▶ Source data

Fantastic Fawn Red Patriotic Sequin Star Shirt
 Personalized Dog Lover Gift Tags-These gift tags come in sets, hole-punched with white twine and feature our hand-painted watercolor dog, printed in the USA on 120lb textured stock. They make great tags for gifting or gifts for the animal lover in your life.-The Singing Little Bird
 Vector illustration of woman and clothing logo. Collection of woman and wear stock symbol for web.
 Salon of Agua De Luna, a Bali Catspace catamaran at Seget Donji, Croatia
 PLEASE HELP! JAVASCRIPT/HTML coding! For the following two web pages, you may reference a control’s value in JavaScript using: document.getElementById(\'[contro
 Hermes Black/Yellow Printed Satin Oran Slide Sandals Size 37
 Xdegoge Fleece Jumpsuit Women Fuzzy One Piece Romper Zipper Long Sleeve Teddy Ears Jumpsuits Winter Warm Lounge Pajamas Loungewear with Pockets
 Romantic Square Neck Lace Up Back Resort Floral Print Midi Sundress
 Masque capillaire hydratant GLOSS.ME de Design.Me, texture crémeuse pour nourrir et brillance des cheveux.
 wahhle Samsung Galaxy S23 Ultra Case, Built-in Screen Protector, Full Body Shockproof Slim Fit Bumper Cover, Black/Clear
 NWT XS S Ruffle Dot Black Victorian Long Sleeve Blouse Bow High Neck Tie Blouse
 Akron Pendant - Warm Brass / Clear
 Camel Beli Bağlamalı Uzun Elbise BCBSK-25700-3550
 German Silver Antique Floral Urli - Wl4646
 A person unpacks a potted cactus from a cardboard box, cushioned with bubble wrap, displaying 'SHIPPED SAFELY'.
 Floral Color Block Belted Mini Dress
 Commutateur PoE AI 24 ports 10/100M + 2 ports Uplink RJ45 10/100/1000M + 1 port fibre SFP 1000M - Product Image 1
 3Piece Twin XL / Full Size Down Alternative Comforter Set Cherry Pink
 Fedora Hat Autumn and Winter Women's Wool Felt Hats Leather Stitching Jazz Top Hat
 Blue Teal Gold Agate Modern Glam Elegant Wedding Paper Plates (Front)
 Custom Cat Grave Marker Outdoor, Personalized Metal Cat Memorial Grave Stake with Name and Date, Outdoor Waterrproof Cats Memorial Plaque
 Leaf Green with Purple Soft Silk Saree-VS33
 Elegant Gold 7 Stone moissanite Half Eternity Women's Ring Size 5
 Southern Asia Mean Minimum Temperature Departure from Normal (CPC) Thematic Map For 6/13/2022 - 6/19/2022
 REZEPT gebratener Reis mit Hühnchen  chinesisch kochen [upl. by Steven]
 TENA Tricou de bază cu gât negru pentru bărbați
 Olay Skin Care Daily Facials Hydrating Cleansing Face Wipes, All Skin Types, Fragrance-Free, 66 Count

▶ Your objective
Only one stretch of the records above is wanted: the lines between the one holding "Vector illustration of" and the one holding "Romantic Square Neck", inclusive, reproduced exactly.

▶ Problem solution
 Vector illustration of woman and clothing logo. Collection of woman and wear stock symbol for web.
 Salon of Agua De Luna, a Bali Catspace catamaran at Seget Donji, Croatia
 PLEASE HELP! JAVASCRIPT/HTML coding! For the following two web pages, you may reference a control’s value in JavaScript using: document.getElementById(\'[contro
 Hermes Black/Yellow Printed Satin Oran Slide Sandals Size 37
 Xdegoge Fleece Jumpsuit Women Fuzzy One Piece Romper Zipper Long Sleeve Teddy Ears Jumpsuits Winter Warm Lounge Pajamas Loungewear with Pockets
 Romantic Square Neck Lace Up Back Resort Floral Print Midi Sundress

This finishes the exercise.